1994 Budapest Memorandum on Security Assurances
To solidify security commitments to Ukraine, the United States, Russia, and the United Kingdom signed the December 5, 1994 Budapest Memorandum on Security Assurances. A political agreement in accordance with the principles of the Helsinki Accords, the memorandum included security assurances against the threat or use of force against Ukraine’s territory or political independence. The countries promised to respect the sovereignty and existing borders of Ukraine. Parallel memorandums were signed for Belarus and Kazakhstan as well. In response, Ukraine officially acceded to the NPT as a non-nuclear weapon state on December 5, 1994. That move met the final condition for ratification of the START treaty, bringing the treaty into force for Ukraine
2009 Joint Declaration by Russia and the United States
Russia and the United States released a joint statement in 2009 confirming that the security assurances made in the 1994 Budapest Memorandum would still be valid after the START Treaty expired in 2009.
2014 Russian Annexation of Crimea
Following months of political unrest and the abrupt departure of President Yanukovych of Ukraine, Russian troops entered the Crimean peninsula of Ukraine in March 2014. On March 18, over the protests of the acting government in Kiev, the UN Security Council, and Western governments, Russia declared the annexation of Crimea.
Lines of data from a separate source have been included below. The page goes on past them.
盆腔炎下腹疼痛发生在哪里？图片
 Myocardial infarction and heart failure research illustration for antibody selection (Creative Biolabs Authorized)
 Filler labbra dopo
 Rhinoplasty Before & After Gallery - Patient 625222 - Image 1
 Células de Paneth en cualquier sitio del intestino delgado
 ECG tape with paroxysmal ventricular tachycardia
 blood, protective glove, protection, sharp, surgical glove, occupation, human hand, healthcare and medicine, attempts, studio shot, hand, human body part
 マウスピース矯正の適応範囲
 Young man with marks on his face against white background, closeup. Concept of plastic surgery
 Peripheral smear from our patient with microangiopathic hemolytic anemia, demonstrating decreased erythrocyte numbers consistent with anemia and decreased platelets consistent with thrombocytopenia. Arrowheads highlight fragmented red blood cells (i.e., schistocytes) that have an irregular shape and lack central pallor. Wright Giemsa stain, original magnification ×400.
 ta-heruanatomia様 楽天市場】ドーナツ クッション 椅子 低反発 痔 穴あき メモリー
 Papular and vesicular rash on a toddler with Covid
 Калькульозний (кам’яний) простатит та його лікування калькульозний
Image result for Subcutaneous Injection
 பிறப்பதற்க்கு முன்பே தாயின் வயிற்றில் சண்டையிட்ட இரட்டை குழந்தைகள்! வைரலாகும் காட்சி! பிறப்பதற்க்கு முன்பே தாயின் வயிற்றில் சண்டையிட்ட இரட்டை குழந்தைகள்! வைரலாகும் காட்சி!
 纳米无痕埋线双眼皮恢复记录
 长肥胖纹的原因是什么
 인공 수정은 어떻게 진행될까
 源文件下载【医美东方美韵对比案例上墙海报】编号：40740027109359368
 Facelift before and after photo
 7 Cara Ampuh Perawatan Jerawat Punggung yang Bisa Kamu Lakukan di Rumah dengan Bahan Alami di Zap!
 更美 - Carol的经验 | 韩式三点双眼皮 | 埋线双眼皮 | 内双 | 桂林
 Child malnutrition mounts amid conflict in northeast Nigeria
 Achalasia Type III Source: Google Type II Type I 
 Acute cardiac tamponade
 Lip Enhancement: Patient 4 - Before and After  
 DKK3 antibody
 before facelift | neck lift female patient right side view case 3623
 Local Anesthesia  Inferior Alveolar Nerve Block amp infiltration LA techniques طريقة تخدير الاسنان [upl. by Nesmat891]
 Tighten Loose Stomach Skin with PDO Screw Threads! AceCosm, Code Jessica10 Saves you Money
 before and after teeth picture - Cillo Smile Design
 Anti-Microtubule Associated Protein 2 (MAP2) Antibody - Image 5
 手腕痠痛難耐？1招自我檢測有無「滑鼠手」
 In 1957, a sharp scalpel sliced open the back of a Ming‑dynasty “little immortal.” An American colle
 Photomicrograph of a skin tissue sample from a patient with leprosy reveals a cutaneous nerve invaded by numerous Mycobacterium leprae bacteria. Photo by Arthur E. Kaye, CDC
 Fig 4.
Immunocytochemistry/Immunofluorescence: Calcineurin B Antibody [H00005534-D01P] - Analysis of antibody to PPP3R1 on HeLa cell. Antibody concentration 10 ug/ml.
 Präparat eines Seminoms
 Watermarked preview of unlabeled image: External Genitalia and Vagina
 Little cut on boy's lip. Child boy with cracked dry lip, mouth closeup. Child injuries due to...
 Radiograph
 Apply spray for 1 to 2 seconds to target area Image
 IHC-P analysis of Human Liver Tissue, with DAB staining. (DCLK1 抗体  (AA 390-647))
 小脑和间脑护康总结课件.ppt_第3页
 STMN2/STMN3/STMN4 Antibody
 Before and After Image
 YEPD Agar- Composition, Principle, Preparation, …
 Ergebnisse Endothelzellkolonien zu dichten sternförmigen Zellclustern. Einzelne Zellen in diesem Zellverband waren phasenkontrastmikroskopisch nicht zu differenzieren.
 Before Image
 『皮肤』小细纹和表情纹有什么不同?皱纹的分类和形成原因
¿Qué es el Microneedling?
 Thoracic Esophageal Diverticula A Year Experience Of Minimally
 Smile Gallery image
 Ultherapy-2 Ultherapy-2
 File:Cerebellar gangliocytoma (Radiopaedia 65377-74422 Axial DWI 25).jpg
The United States, the United Kingdom, and Ukraine called the action a blatant violation of the security assurances in the 1994 Budapest Memorandum. However, according to the Russian Ministry of Foreign Affairs, “the security assurances were given to the legitimate government of Ukraine but not to the forces that came to power following the coup d'etat.”
- July 16, 1990: Ukraine’s Declaration of Sovereignty
- July 31, 1991: The United States and the Soviet Union signed START.
- Dec. 26, 1991: The Soviet Union officially dissolved, delaying entry into force of START.
- Dec. 30, 1991: Minsk Agreement on Strategic Forces
- The Commonwealth of Independent States agreed that strategic forces would be under the joint command of the former Soviet Union states.
- May 23, 1992: Lisbon Protocol
- Signed by Russia, Belarus, Ukraine, Kazakhstan, and the United States
- The protocol sought to return nuclear weapons in three formerly Soviet states to Russia.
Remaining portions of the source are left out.